++++ INPUT DATA ++++
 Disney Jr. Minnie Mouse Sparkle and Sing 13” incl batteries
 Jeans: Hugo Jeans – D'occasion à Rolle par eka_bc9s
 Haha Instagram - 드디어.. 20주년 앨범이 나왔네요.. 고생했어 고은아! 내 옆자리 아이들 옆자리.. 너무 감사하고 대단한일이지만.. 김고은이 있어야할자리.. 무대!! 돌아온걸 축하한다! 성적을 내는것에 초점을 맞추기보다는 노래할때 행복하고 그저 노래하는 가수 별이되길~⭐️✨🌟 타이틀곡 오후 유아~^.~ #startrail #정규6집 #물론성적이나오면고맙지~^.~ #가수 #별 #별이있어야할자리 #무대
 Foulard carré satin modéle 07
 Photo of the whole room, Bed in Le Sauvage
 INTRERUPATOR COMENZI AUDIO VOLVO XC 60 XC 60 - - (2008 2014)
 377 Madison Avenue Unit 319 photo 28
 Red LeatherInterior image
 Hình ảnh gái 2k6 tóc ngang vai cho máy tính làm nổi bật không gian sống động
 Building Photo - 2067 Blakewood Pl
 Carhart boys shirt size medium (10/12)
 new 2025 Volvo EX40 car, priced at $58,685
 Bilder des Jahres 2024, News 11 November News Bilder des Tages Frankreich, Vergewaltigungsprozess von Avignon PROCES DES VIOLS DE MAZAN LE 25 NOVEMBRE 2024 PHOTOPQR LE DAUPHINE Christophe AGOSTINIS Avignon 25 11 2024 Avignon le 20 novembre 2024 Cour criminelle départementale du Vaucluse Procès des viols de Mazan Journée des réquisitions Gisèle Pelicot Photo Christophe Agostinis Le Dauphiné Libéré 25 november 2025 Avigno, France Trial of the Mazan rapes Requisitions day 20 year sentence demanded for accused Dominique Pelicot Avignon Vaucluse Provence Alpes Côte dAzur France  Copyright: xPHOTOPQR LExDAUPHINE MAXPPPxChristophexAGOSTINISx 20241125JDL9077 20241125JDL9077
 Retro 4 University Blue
++++
* PROBLEM STATEMENT:
Emit an exact copy of the lines spanning the start of the records to the line containing "new 2025 Volvo EX40 car, priced at $58,685", inclusive, and no other output.

* EXERCISE OUTPUT:
 Disney Jr. Minnie Mouse Sparkle and Sing 13” incl batteries
 Jeans: Hugo Jeans – D'occasion à Rolle par eka_bc9s
 Haha Instagram - 드디어.. 20주년 앨범이 나왔네요.. 고생했어 고은아! 내 옆자리 아이들 옆자리.. 너무 감사하고 대단한일이지만.. 김고은이 있어야할자리.. 무대!! 돌아온걸 축하한다! 성적을 내는것에 초점을 맞추기보다는 노래할때 행복하고 그저 노래하는 가수 별이되길~⭐️✨🌟 타이틀곡 오후 유아~^.~ #startrail #정규6집 #물론성적이나오면고맙지~^.~ #가수 #별 #별이있어야할자리 #무대
 Foulard carré satin modéle 07
 Photo of the whole room, Bed in Le Sauvage
 INTRERUPATOR COMENZI AUDIO VOLVO XC 60 XC 60 - - (2008 2014)
 377 Madison Avenue Unit 319 photo 28
 Red LeatherInterior image
 Hình ảnh gái 2k6 tóc ngang vai cho máy tính làm nổi bật không gian sống động
 Building Photo - 2067 Blakewood Pl
 Carhart boys shirt size medium (10/12)
 new 2025 Volvo EX40 car, priced at $58,685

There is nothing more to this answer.